# Tapco pro 14 help



## jdorpaudi (Nov 11, 2010)

Hi. I've got a tapco pro 14 brake, 10'6" long
My problem is, when I bend a 90 degree piece the ends are a little tighter then 90 and the middle is a little looser then 90. I've be trying some adjustment and nothing seems to help. Is something worn? Or adjustment issue?
Thanks


----------



## PrestigeR&D (Jan 6, 2010)

Pressure adjustments,,,,

The manual for your model doesn't have any info on this, unless I missed something...:blink:


When I had mine (a very ,long,long time ago ) it had adjustments for this.


Check page 5 of the pro III manual....http://www.abccatalog.com/Literature/0150060007.pdf






B,


----------



## jdorpaudi (Nov 11, 2010)

Ya, I've read that before and also watched a YouTube video about that. 
When it talks about clamping the piece in there and then being able to slide it, there is no way to make mine loose enough to slide. The bolt that goes through the link, at the loosest setting, is about half way up the slide. Not sure if that makes any sense, do I need to trim the piece of rubber in there so that there is more adjustment?


----------



## PrestigeR&D (Jan 6, 2010)

Can you throw up a picture ....:blink:



B,


----------



## Brian Peters (Feb 2, 2011)

The one I've been using has the same problem...


----------



## EricBrancard (Jun 8, 2012)

Same problem here. Can't get tight hems lately either. I've tried adjusting it a bunch of ways. Maybe I'm just doing it wrong.


----------



## builditguy (Nov 10, 2013)

Mine did that for years. Sold it. Bought a Pro 19. Fixed the problem.


----------



## Randy Bush (Mar 7, 2011)

My Black Max bends the ends past 90 too. Just got use to bending them back problem solved. Sometimes wonder if it is not because the may be less bend resistance at the ends then the middle?


----------



## Randy Bush (Mar 7, 2011)

EricBrancard said:


> Same problem here. Can't get tight hems lately either. I've tried adjusting it a bunch of ways. Maybe I'm just doing it wrong.

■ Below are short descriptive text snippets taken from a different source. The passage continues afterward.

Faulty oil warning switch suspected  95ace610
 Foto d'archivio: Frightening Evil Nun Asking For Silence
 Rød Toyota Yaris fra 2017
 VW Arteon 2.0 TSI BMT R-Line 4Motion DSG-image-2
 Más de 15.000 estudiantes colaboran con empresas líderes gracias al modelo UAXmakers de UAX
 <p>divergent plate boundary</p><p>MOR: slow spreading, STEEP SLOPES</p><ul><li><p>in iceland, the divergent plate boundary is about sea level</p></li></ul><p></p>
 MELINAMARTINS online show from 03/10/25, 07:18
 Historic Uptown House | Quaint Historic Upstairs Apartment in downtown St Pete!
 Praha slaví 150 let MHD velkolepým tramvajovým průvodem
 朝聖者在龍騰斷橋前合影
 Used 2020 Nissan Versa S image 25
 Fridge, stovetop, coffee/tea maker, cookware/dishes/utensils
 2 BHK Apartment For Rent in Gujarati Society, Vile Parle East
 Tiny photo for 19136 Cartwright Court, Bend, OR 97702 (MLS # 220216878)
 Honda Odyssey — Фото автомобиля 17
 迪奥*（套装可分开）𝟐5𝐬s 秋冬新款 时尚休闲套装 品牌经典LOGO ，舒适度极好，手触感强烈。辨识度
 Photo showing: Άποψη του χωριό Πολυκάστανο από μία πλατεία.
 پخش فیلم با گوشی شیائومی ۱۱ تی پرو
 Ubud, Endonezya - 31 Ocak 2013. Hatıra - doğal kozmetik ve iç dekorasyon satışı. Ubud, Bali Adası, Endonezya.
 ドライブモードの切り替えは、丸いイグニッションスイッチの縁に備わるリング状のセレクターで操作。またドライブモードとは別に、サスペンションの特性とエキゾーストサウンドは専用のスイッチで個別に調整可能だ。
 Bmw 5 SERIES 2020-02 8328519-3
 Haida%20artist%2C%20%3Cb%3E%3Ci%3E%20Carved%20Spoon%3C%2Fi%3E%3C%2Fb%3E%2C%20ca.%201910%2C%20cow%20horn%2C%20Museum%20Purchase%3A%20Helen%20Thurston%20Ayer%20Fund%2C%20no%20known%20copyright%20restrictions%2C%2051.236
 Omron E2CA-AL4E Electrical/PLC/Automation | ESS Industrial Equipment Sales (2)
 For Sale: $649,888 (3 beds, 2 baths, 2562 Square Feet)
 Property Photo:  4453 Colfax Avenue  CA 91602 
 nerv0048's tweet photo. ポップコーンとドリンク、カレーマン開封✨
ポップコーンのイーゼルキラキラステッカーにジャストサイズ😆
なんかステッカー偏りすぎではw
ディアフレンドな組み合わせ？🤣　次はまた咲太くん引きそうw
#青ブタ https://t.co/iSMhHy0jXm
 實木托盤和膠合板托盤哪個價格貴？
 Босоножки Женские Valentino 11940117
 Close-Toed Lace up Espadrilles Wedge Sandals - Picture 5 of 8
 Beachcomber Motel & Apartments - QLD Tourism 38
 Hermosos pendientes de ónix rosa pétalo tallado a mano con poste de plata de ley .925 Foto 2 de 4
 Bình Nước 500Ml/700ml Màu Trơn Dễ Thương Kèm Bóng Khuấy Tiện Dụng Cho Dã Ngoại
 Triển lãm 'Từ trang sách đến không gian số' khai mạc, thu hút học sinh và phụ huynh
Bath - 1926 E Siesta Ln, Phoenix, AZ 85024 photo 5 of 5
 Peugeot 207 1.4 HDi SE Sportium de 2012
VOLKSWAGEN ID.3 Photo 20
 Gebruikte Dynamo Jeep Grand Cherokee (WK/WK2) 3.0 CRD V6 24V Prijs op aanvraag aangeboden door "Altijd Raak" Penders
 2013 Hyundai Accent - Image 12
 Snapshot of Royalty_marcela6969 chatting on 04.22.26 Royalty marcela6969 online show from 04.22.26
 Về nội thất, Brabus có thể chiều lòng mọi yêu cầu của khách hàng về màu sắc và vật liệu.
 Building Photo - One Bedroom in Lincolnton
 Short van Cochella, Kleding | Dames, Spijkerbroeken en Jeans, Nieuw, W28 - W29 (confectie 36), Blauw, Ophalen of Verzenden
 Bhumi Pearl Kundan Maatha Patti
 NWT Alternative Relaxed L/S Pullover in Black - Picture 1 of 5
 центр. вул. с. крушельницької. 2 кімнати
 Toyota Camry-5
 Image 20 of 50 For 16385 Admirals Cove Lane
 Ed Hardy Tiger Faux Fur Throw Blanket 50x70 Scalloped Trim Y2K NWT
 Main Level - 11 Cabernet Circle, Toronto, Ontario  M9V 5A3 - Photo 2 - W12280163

Dumb question Eric ,but you are lifting up the bottom to hem right.


----------



## loneframer (Feb 13, 2009)

Randy Bush said:


> My Black Max bends the ends past 90 too. Just got use to bending them back problem solved. Sometimes wonder if it is not because the may be less bend resistance at the ends then the middle?


This has always been my theory.


----------



## Patrick (Apr 12, 2006)

Have you tightened the hex bolts on the arms? We have a good tapco rep in our area one call to him and he is there same day for a tune up


----------



## Randy Bush (Mar 7, 2011)

Patrick said:


> Have you tightened the hex bolts on the arms? We have a good tapco rep in our area one call to him and he is there same day for a tune up


Not sure I see how this would affect things once the brake is locked down.


----------



## EricBrancard (Jun 8, 2012)

Randy Bush said:


> Dumb question Eric ,but you are lifting up the bottom to hem right.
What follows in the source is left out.